▸ **Exercise**:
With the pictures removed, the data below must be transcribed in full and exactly.

[Extracted records]
▬▬▬▬▬▬▬▬▬▬

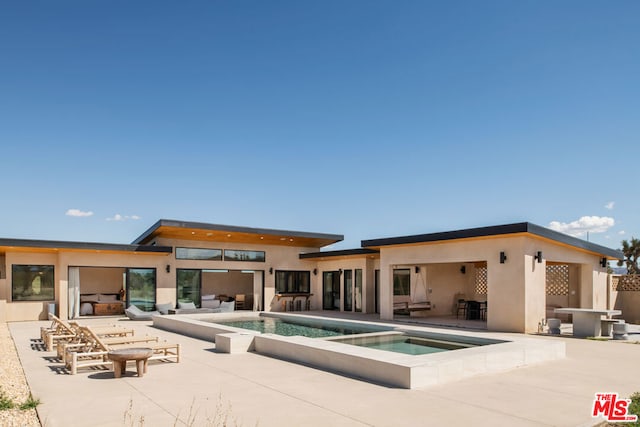 rear view of house featuring a swimming pool with hot tub and a patio area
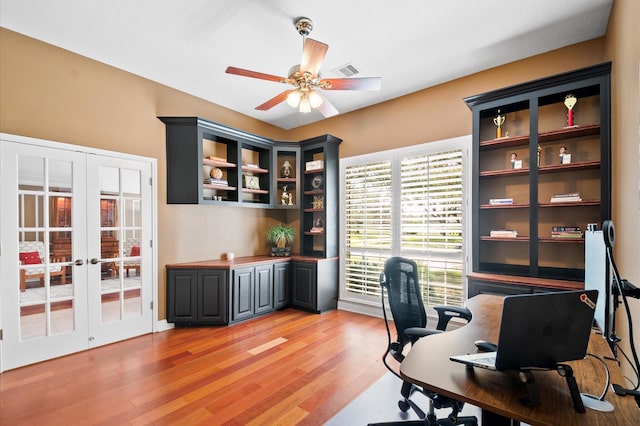 home office featuring visible vents, french doors, light wood-type flooring, and ceiling fan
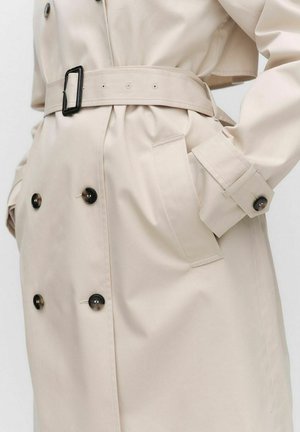 Beige trench coat, jossa on kaksiriviset napit, vyö vyötäröllä ja kaksi sivutaskua. Sujuva tekstuuri ja muotoiltu istuvuus.
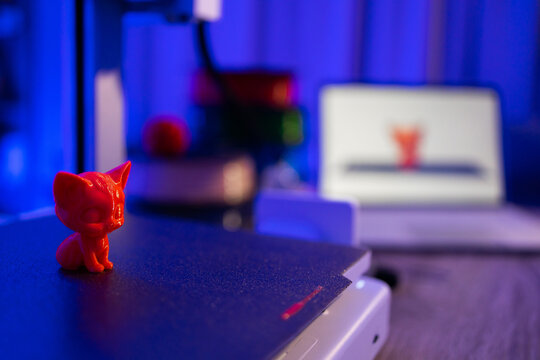 A small red 3D printed cat figurine sits on a 3D printer bed with a laptop displaying the printer software in the background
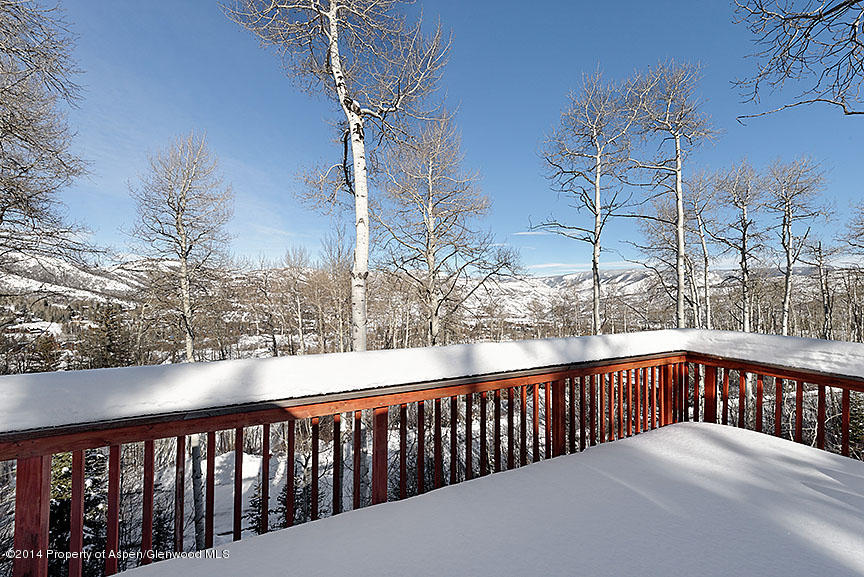47 North Ridge Lane, Unit B Snowmass Village, CO 81615 - Photo 13 of 18 a view of a balcony with wooden fence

▬▬▬▬▬▬▬▬▬▬

▸ **Response for this exercise**:
 rear view of house featuring a swimming pool with hot tub and a patio area
 home office featuring visible vents, french doors, light wood-type flooring, and ceiling fan
 Beige trench coat, jossa on kaksiriviset napit, vyö vyötäröllä ja kaksi sivutaskua. Sujuva tekstuuri ja muotoiltu istuvuus.
 A small red 3D printed cat figurine sits on a 3D printer bed with a laptop displaying the printer software in the background
47 North Ridge Lane, Unit B Snowmass Village, CO 81615 - Photo 13 of 18 a view of a balcony with wooden fence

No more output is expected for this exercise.